Zur Erinnerung: Am 22.08.2011 wurde Stieglitz durch ein TKO in Runde 11 über Karoly Balzsay Weltmeister der WBO, World Boxing Organization, im Super Mittelgewicht. Zur gleichen Zeit war Arthur Abraham schon über zweieinhalb Jahre Weltmeister der IBF, International Boxing Federation, im Mittelgewicht. Am 25.08.2012 verlor Stieglitz seinen Titel an Abraham durch eine Punktniederlage. Avetik Abrahamyan war eine Gewichtsklasse aufgestiegen und hatte im Super Six Turnier drei bittere Niederlagen einstecken müssen. Nachdem beide noch einen weiteren Kampf absolviert hatten, kämpften Abraham und Stieglitz dann am 23.03.2013 wieder gegeneinander. Der Ausgang ist bekannt: Abraham gab nach der dritten Runde auf und Sergey Shtikhlits war erneut Weltmeister der WBO. Der Rückkampf kam zustande, weil der Kampfvertrag zum ersten Kampf eine Rückkampfklausel enthielt.
Nun ist allerorten zu lesen, dass die Boxfans einen Rückkampf fordern. Natürlich wäre ein Rückkampf nicht schlecht. Natürlich wäre es interessant zu sehen, wie Abraham gegen den Mann boxt, gegen den er aufgegeben hatte. Wieso sollte aber Stieglitz wieder gegen Abraham boxen? Er hat seinen Rückkampf nur bekommen, weil es eine Rückkampfklausel gab.

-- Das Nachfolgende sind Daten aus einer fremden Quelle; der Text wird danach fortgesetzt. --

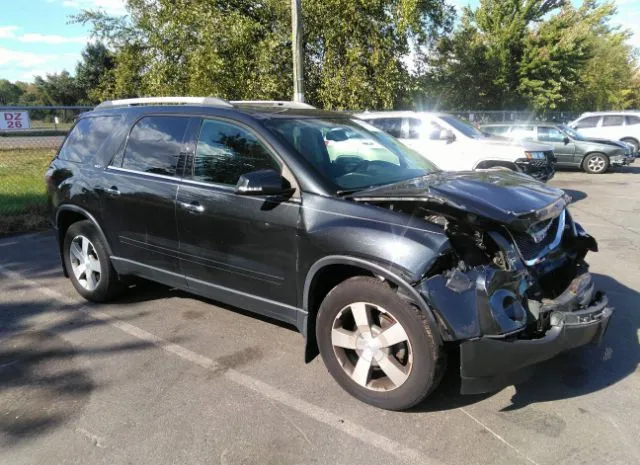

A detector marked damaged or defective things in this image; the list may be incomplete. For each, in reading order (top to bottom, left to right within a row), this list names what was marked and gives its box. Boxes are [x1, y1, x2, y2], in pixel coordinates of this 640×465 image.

damaged black suv [47, 98, 612, 410]
bent hood [348, 170, 568, 228]
crushed front end [416, 201, 608, 394]
broken bumper [458, 276, 612, 396]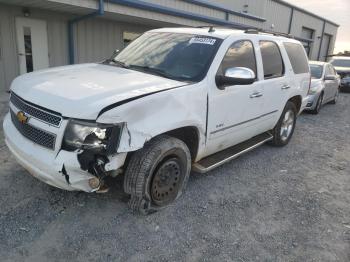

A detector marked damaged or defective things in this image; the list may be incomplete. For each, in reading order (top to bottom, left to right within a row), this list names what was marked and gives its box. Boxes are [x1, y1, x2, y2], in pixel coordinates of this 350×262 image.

crumpled hood [10, 64, 186, 119]
damaged bumper [2, 113, 126, 192]
broken headlight [62, 118, 122, 154]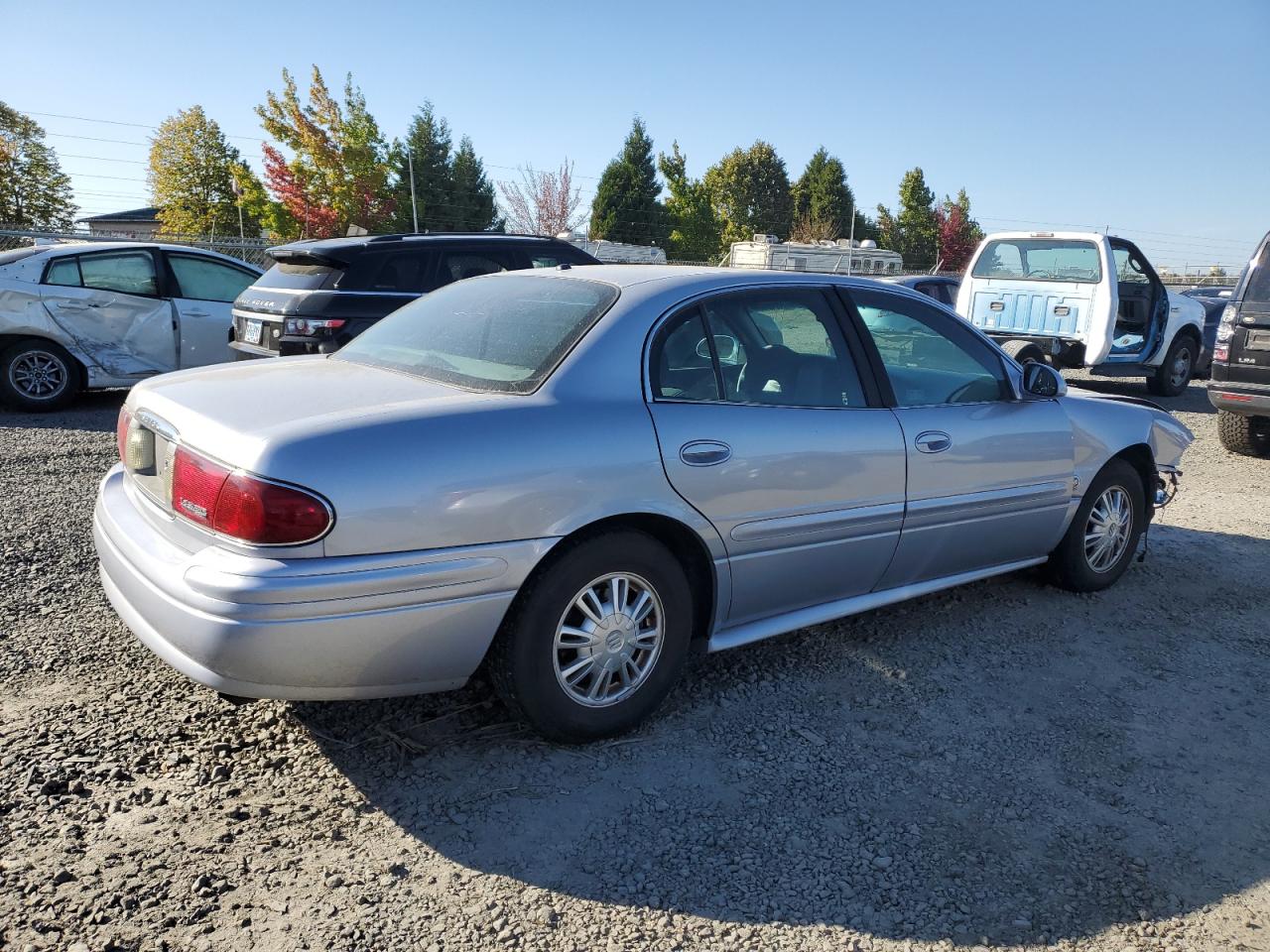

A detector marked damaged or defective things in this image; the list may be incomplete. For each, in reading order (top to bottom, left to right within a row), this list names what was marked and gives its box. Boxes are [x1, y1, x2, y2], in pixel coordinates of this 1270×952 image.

damaged white sedan [0, 242, 258, 409]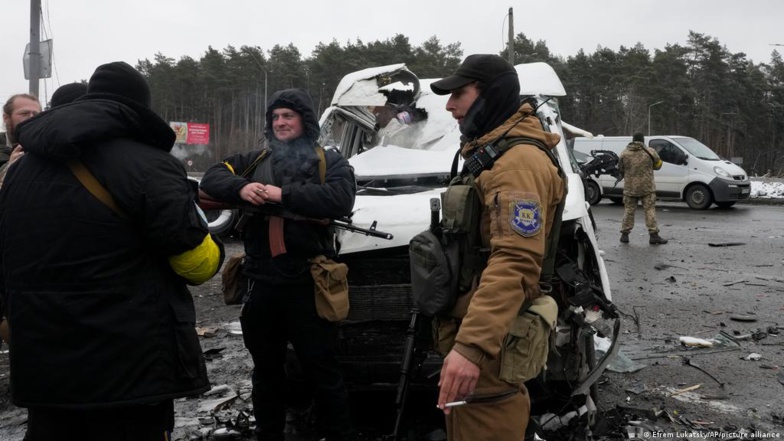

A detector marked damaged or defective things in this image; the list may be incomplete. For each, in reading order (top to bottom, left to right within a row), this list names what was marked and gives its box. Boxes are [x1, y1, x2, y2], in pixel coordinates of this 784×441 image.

destroyed vehicle [322, 62, 620, 440]
crushed white van [572, 135, 752, 209]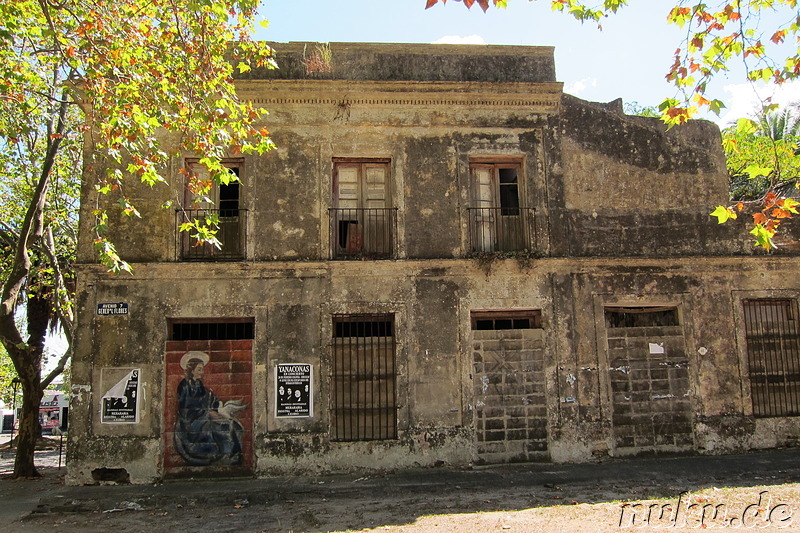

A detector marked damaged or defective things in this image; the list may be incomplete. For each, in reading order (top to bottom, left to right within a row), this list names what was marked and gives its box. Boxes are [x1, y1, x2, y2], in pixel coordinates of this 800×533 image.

peeling plaster facade [67, 41, 800, 482]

Beide Boxer sind bei verschiedenen Veranstaltern unter Vertrag, Abraham bei Sauerland Event und Stieglitz bei SES Boxing. Durch den Sieg über Abraham hat SES einen Fernsehvertrag mit SAT1 bekommen. Dadurch bekommen die Boxinteressierten jetzt mehr Boxen im Fernsehen zu sehen. Aber kann SES nun ein Interesse daran haben, Stieglitz der Gefahr auszusetzen, seinen Titel an Abraham wieder zu verlieren und damit womöglich auch den TV Vertrag?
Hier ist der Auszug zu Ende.